Exeter completes prefeasibility on Caspiche

Core boxes at the Caspiche project in northern Chile's Maricunga gold district. Credit: Exeter Resource.Core boxes at the Caspiche project in northern Chile's Maricunga gold district. Credit: Exeter Resource.

The Caspiche gold-copper project in northern Chile’s Maricunga gold district has a US$2.8-billion pre-tax net present value at a 5% discount rate and a pre-tax internal rate of return of 11.5%, according to Exeter Resource‘s (XRC-T, XRA-X) new prefeasibility study.

The study estimates capital expenditure of US$4.8 billion and total revenue of US$27.4 billion. Average  annual production over a 19-year mine life will come in at 696,000 oz. gold, 244 million lbs. copper and 844,000 oz. silver. 

Average operating costs work out to US$606 per oz. gold equivalent. When copper and silver by-product credits are considered, the cost of production falls to US$18 per oz. Recoveries are 68% for gold and 86% for copper.

The economic evaluation of Caspiche was based on metal prices of US$1,430 per oz. gold for the first four years of mine life and US$1,200 per oz. gold for the remainder. It used US$2.75 per lb. copper for the full mine life and US$31.20 per oz. silver in the first four years, followed by US$22.50 per oz. silver during the mine’s remaining life.

Caspiche lies 10 km north of Cerro Casale, a gold-copper deposit owned by Barrick Gold (ABX-T, ABX-N) and Kinross Gold (K-T, KGC-N), 15 km south of Kinross’ Maricunga mine, and 35 km south of Andina Minerals‘ (ADM-V) new Volcan gold deposit.

Exeter  recognized early on in the prefeasibility study process that by including high-tonnage in-pit crushing and conveying (IPCC) systems, greater efficiencies in moving waste rock could be achieved, which would significantly lower capital and operating costs. Exeter’s mining consultant NCL estimated that using the IPCC system instead of a large truck fleet could result in cost savings of US25¢ per tonne of total material moved, or US80¢ per tonne ore mined. 

Exeter anticipates that by building the tailings dam wall largely from a conveyor-stacker system instead of conventional truck haulage for moving material, it can add up to US$1 billion in initial and sustainable capital savings. 

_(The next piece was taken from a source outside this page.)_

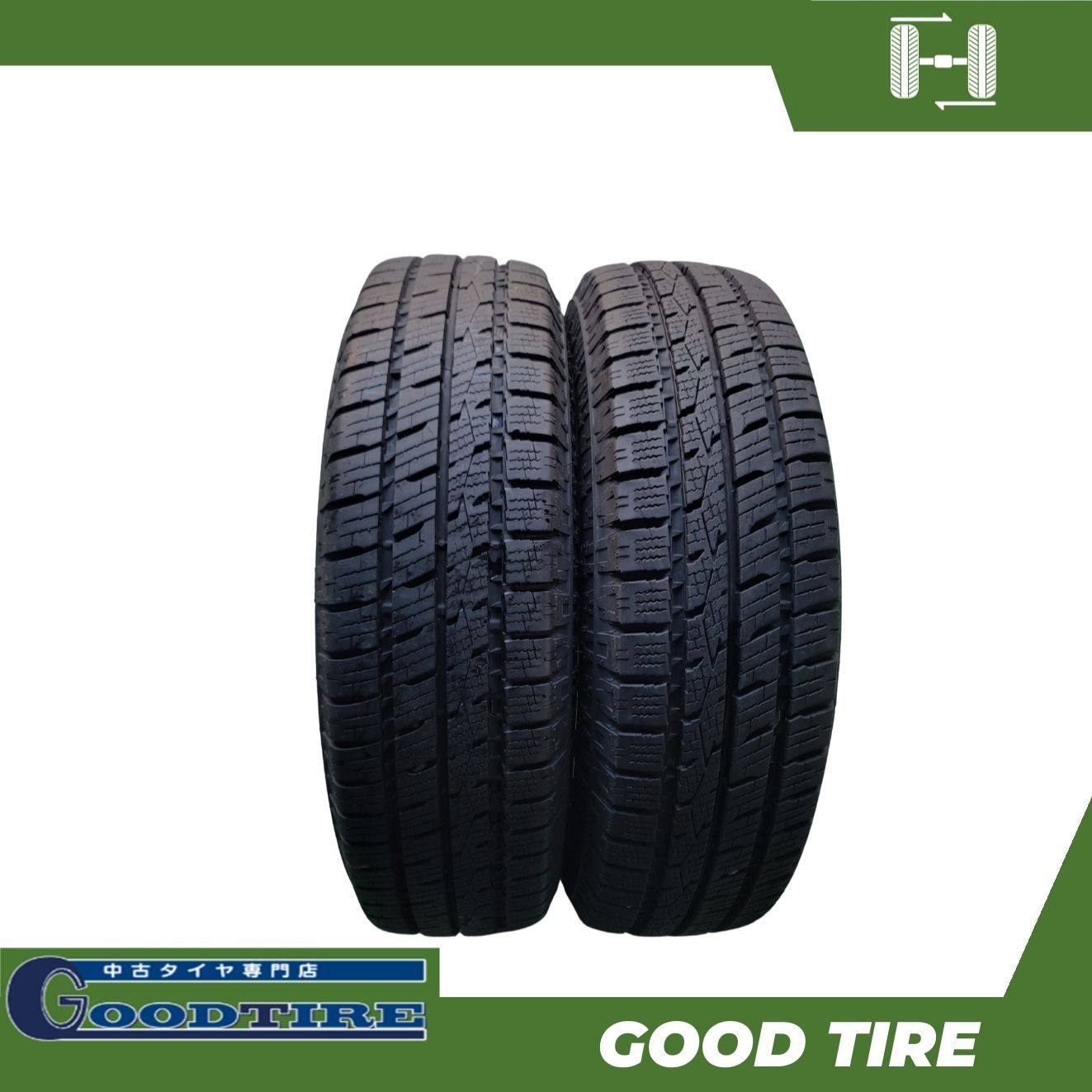 195/80R15 107/105NLT 9分山 トーヨー CELSIUS CARGO 2024年製 夏用 2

All of the options considered in the prefeasibility study involve an open pit to mine the near-surface, heap-leachable resource. The preferred development plan is an open-pit mining operation that would process 150,000 tonnes a day of sulphide ore and a heap-leach operation with a 72,000-tonne-per-day design production rate.

“Proven and probable” material is divided into 124 million oxide tonnes at 0.38 gram gold and 1.6 grams silver; 78 million leachable sulphide tonnes at 0.51 gram gold, 1.05 gram silver and 0.07% copper; and 889 million tonnes at 0.58 gram gold, 1.13 grams silver and 0.24% copper.

Adam Graf, an analyst at Dahlman Rose, has a “buy” rating on the stock with a price target of US$20.52 per share on the NYSE-Amex. On Jan. 18 Exeter closed at US$3.08 per share, up 7.32%, or 21¢. Over the last year the company has traded within a range of US$3.24 and US$5.84 per share. In Toronto Exeter shares closed at $3.14 apiece, up 18¢ on the day, or 6%.

Looking ahead, Exeter plans to advance the heap-leach part of the Caspiche project to feasibility study level starting in 2012’s second quarter, and complete it by the fourth quarter. 

An updated full prefeasibility study should be completed in the fourth quarter, which will incorporate the results of the heap-leach component.

The company also expects to wrap-up baseline studies to support an environmental impact study submission to the Chilean government in the second quarter.